◆ WHAT YOU ARE ASKED TO DO
Return all of the data verbatim, dropping any picture.

◆ DATASET EXCERPT
★ ★ ★
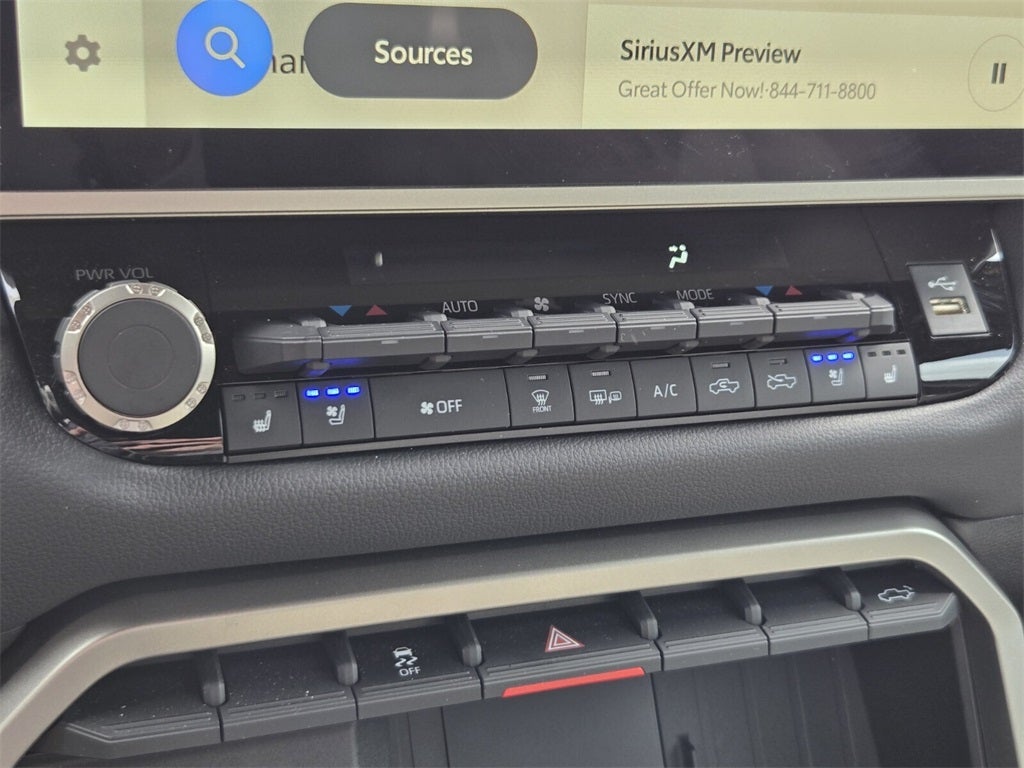 2025 Toyota TUNDRA 4X4 Limited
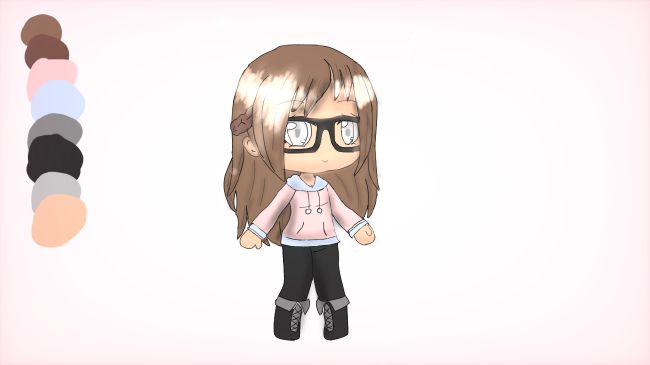 My Soft OC  Gacha Life Edits (For all who wants to join) 2.0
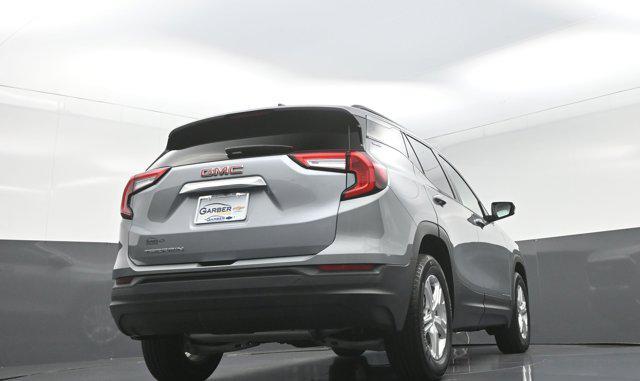 used 2024 GMC Terrain car, priced at $23,392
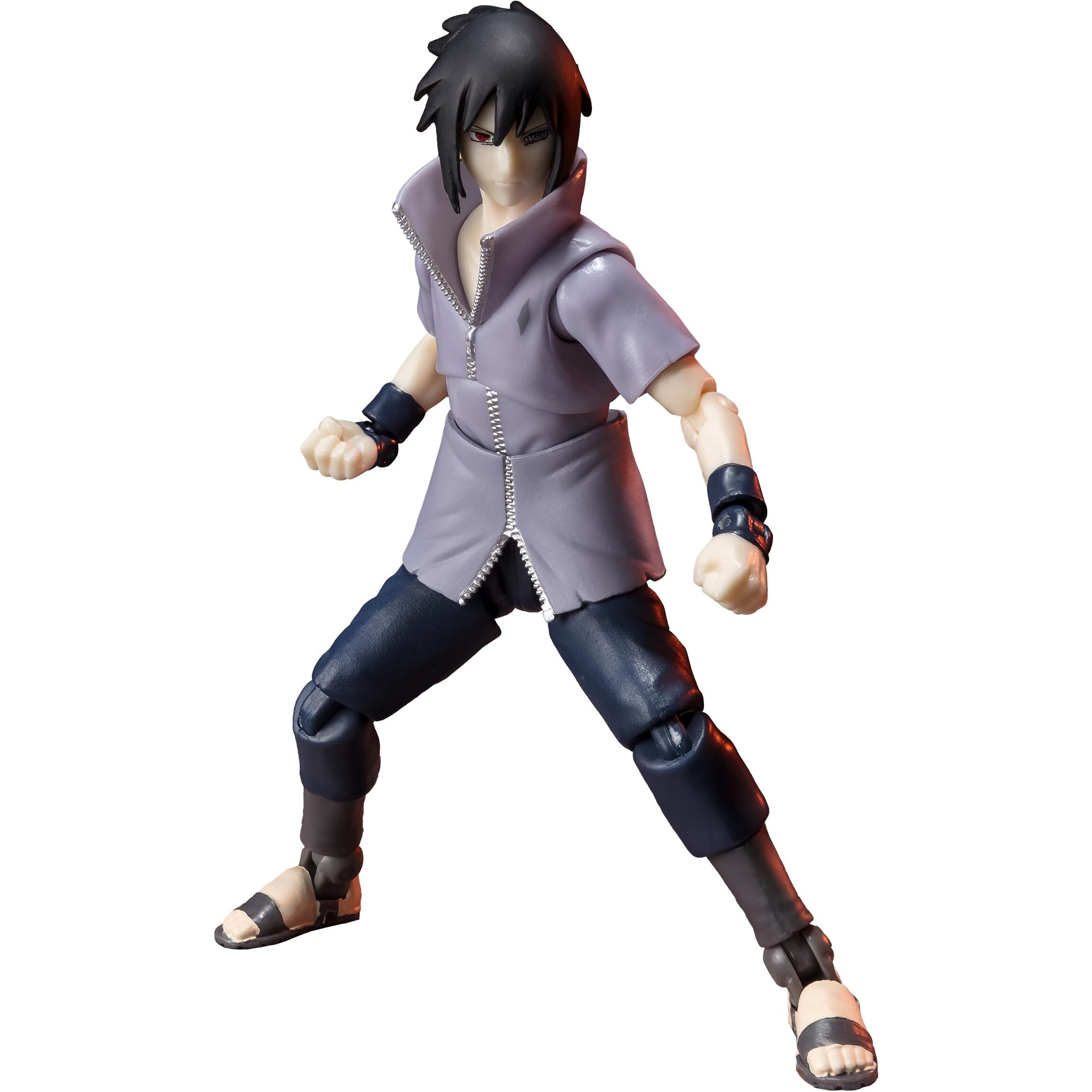 Bandai Namco Ultimate Legends - Naruto 5"" Sasuke Uchiha (The Final Valley) Action Figure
★ ★ ★
◆ RESULT OF THE TASK
 2025 Toyota TUNDRA 4X4 Limited
 My Soft OC  Gacha Life Edits (For all who wants to join) 2.0
 used 2024 GMC Terrain car, priced at $23,392
 Bandai Namco Ultimate Legends - Naruto 5"" Sasuke Uchiha (The Final Valley) Action Figure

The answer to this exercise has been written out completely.